Top of Dataset extract
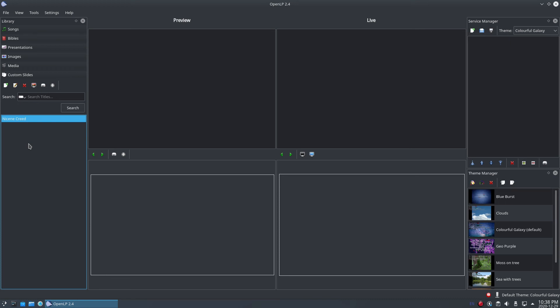If you have a lot of custom slides in your library, finding a particular custom slide can be laborious if you have to scroll through the entire list. The custom slides have a search function which you can use to find your custom slide. Just type in the name and OpenLP will search and filter down the list of custom slides to match your search terms.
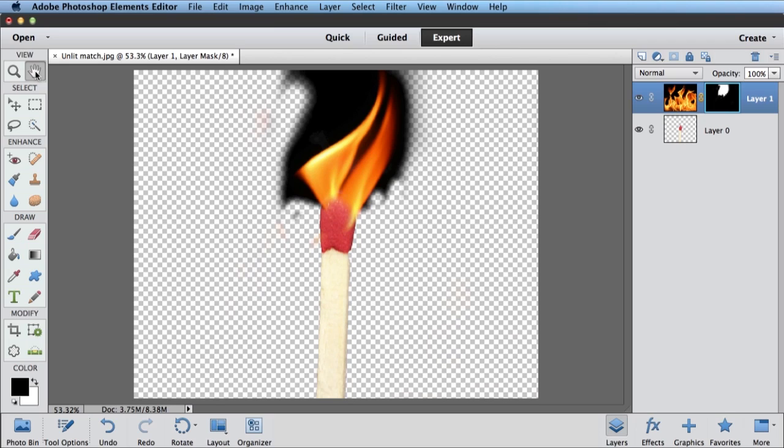Okay. So double-click on my hand to resize my image to fit. Now I've got some flames coming off of my match. What I really want is black background everywhere.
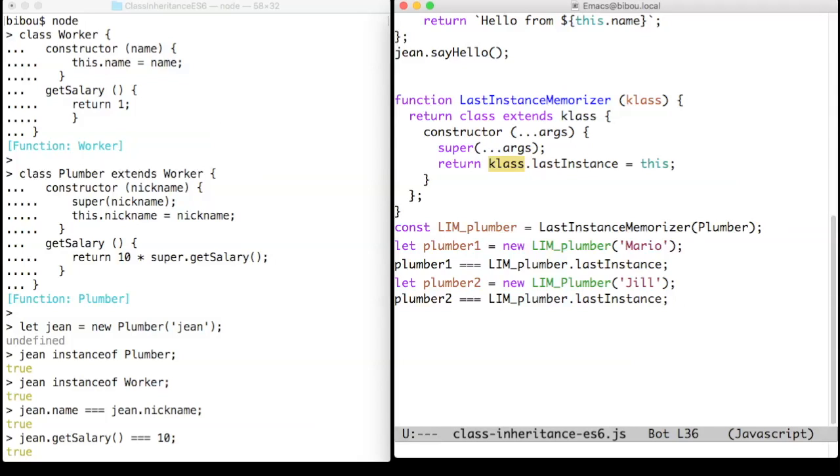We then create the LIM plumber as a last instance memorizer of a plumber class and test it with two instantiations of two plumbers.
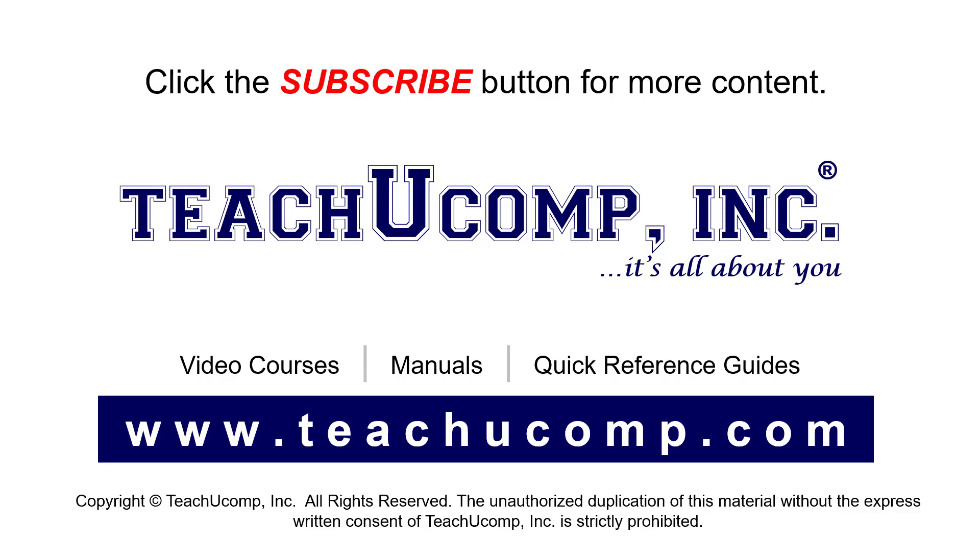If you like our video, click the button to subscribe to our channel and get easy access to new content. To see our full suite of ad-free video courses, instruction manuals, and quick reference guides, visit us at www.teachyoucomp.com.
Bottom of Dataset extract
The listing above, line by line: print it exactly, but not its pictures.

If you have a lot of custom slides in your library, finding a particular custom slide can be laborious if you have to scroll through the entire list. The custom slides have a search function which you can use to find your custom slide. Just type in the name and OpenLP will search and filter down the list of custom slides to match your search terms.
Okay. So double-click on my hand to resize my image to fit. Now I've got some flames coming off of my match. What I really want is black background everywhere.
We then create the LIM plumber as a last instance memorizer of a plumber class and test it with two instantiations of two plumbers.
If you like our video, click the button to subscribe to our channel and get easy access to new content. To see our full suite of ad-free video courses, instruction manuals, and quick reference guides, visit us at www.teachyoucomp.com.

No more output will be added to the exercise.